A narrativa sobre a história:
Creio que a origem de meus incômodos com a obra seja o fato da autora sempre preferir a narrativa em vez do trabalho investigativo rigoroso. Seu livro faz uma exposição geral da história da espiritualidade no Brasil, entretanto, evita discutir minúcias de quaisquer tipos, inclusive quando trata do espiritismo. Del Priore pouco aborda questões controversas a respeito da história dessa religião, o que acaba dando um tom um tanto “oficialesco” ao livro, como se a autora evitasse desagradar os adeptos desse credo. Tudo soa plácido, confortável demais, e somos pouco informados acerca dos conflitos internos do espiritismo, suas linhas concorrentes, as conhecidas fraudes em que alguns de seus membros se meteram e coisas assim. A história do sobrenatural e do espiritismo está muito abaixo de um trabalho como O babuíno de madame Blavatsky, por exemplo, que vai fundo no processo tortuoso de consolidação de uma religião.

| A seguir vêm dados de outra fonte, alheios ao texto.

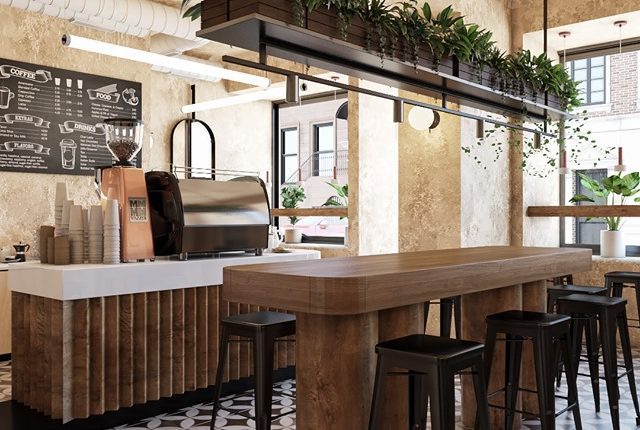 3D Model Interior Restaurant Scene 227 By Duy Pham Free Download 5
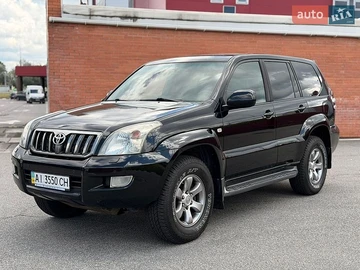 Авто Toyota Land Cruiser Prado 2008 № 8926912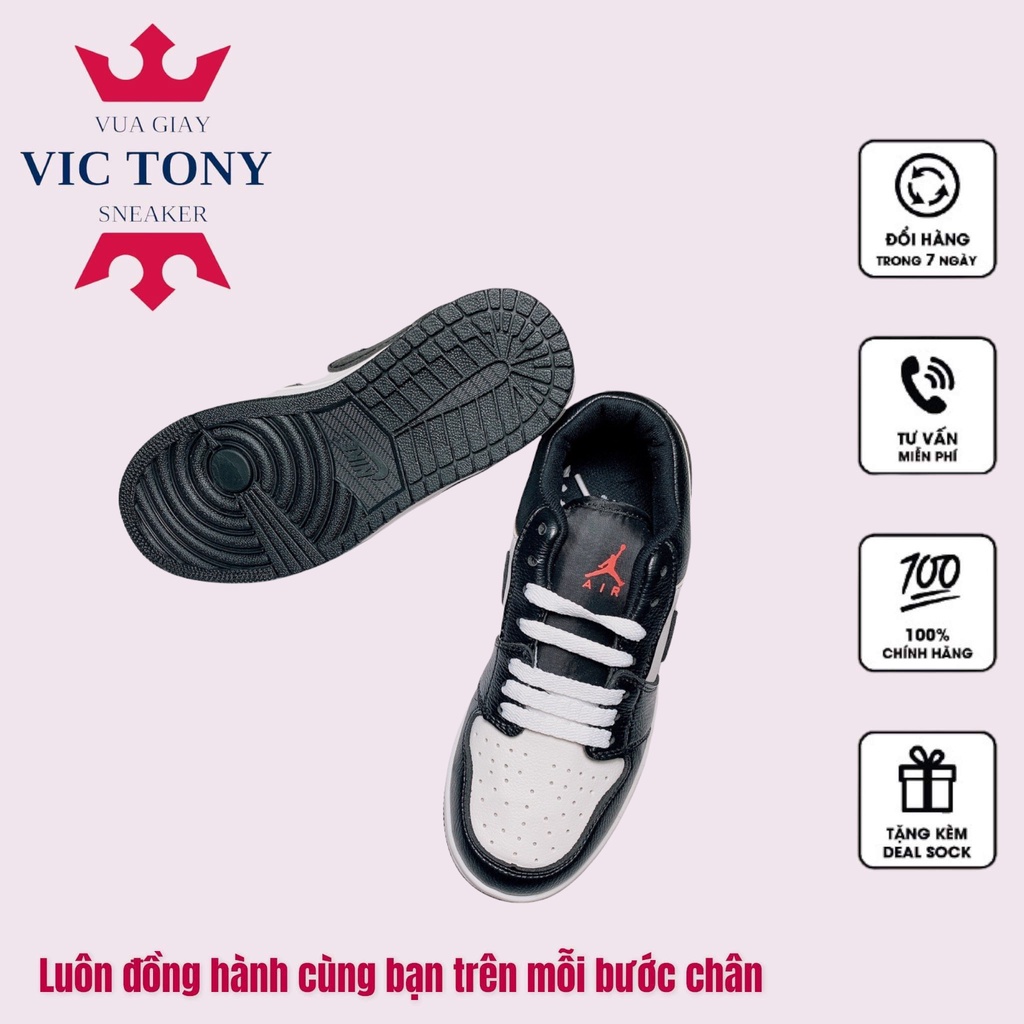 Giày 𝐉𝐎𝐑𝐃𝐀𝐍 𝐏𝐀𝐍𝐃𝐀 ✅FREESHIP✅ Giày air 𝐉𝐎𝐑𝐃𝐀𝐍 𝐏𝐀𝐍𝐃𝐀, giày 𝐣𝐨𝐫𝐝𝐚𝐧 đen trắng, giày jd Cổ Thấp Hot trend 2021 | BigBuy360 - bigbuy360.vn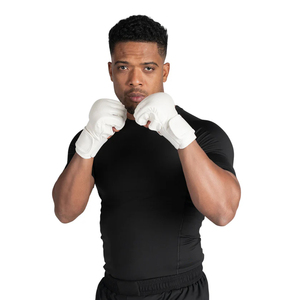 Personnalisé Nouveau Design Professionnel Votre Propre Logo Qualité Blanc Couleur Mma Gants Réglable Personnalisé Formation Boxe Mma Gants - Product Image 5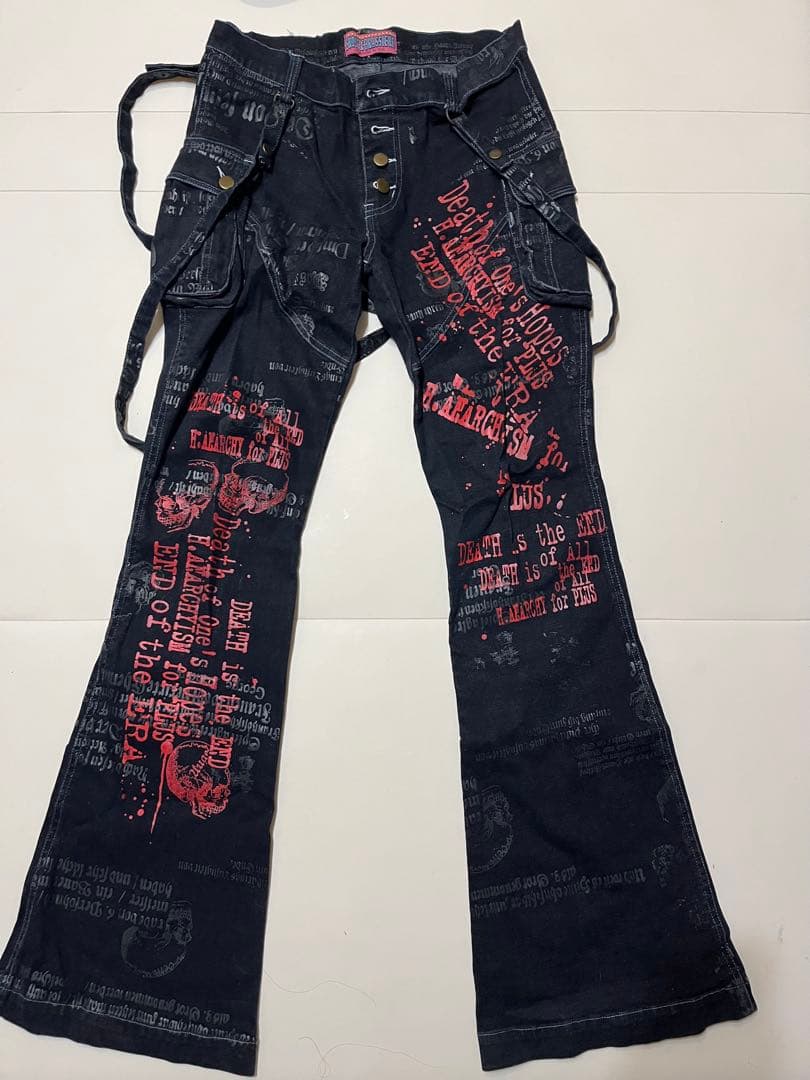 H.ANARCHYISM for PLUS H.NAOTO ズボン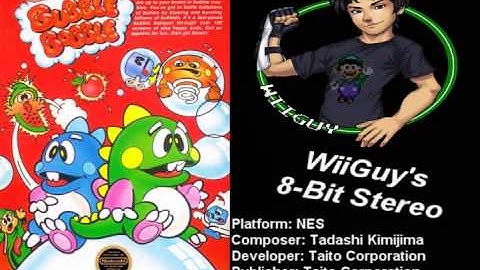 Bubble Bobble (NES) Soundtrack - 8BitStereo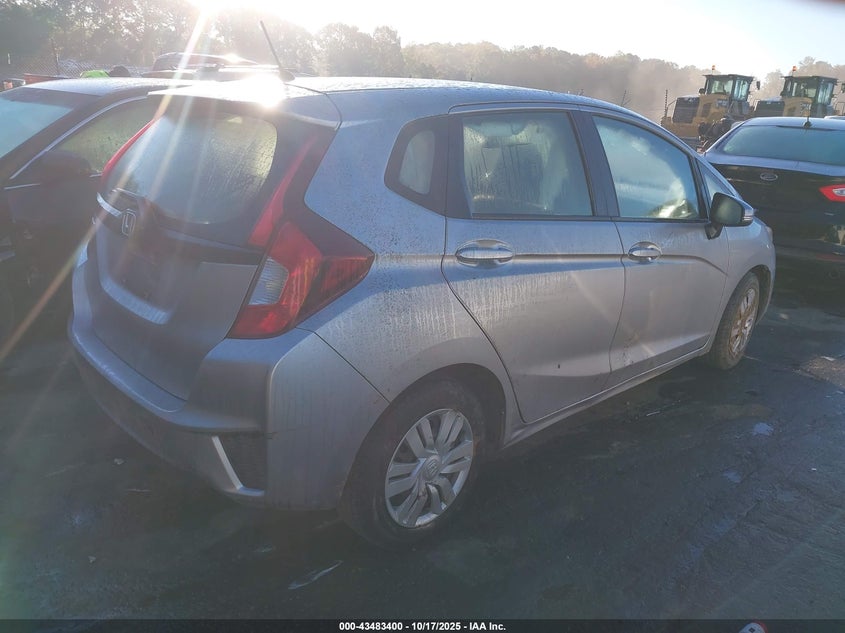 2017 HONDA FIT LX JHMGK5H5XHS000138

A despeito da quantidade de informações que a autora apresenta, seu texto suscita dúvidas se ela sabe mesmo a extensão daquilo com que está lidando ou se decidiu propositalmente ficar na superfície do assunto para priorizar a divulgação científica. A investigação sobre as bases teóricas do espiritismo não vai muito além do óbvio sobre Mesmer e Pestalozzi, por exemplo, o que me fez lembrar da última vez em que li um texto de Kardec e era apresentada, de uma maneira não muito sofisticada, alguma prova da existência de deus a partir da noção de causa e efeito. Era um eco de Tomás de Aquino, sem dúvidas. Kardec nitidamente sabia “por ouvir dizer” algo das clássicas provas da existência de deus, mas de forma rudimentar, sem o requinte que elas possuem nas obras dos filósofos medievais. Diante disso, é possível colocar questões do tipo: quais seriam as leituras de Kardek? Um bom estudo sobre o espiritismo poderia esclarecer questões como essa que, pelo que sei, seguem em aberto, embora possam ser notadas por qualquer leitor com algum conhecimento da história do pensamento científico e filosófico ocidental. Quando abri o livro de Del Priore, imaginei que essas questões fossem ao menos mencionadas nele, que a autora fosse ao menos abrir caminhos para o leitor trilhar por si mesmo segundo seu interesse, todavia, a historiadora dificilmente se desvia daquilo que é amplamente conhecido a respeito do espiritismo e promove poucas reflexões dentro dos temas tradicionais. Por conta disso, não me causou espanto que o último capítulo de seu livro, a conclusão, fosse tão curto mirrado, com corolários de pouca penetração.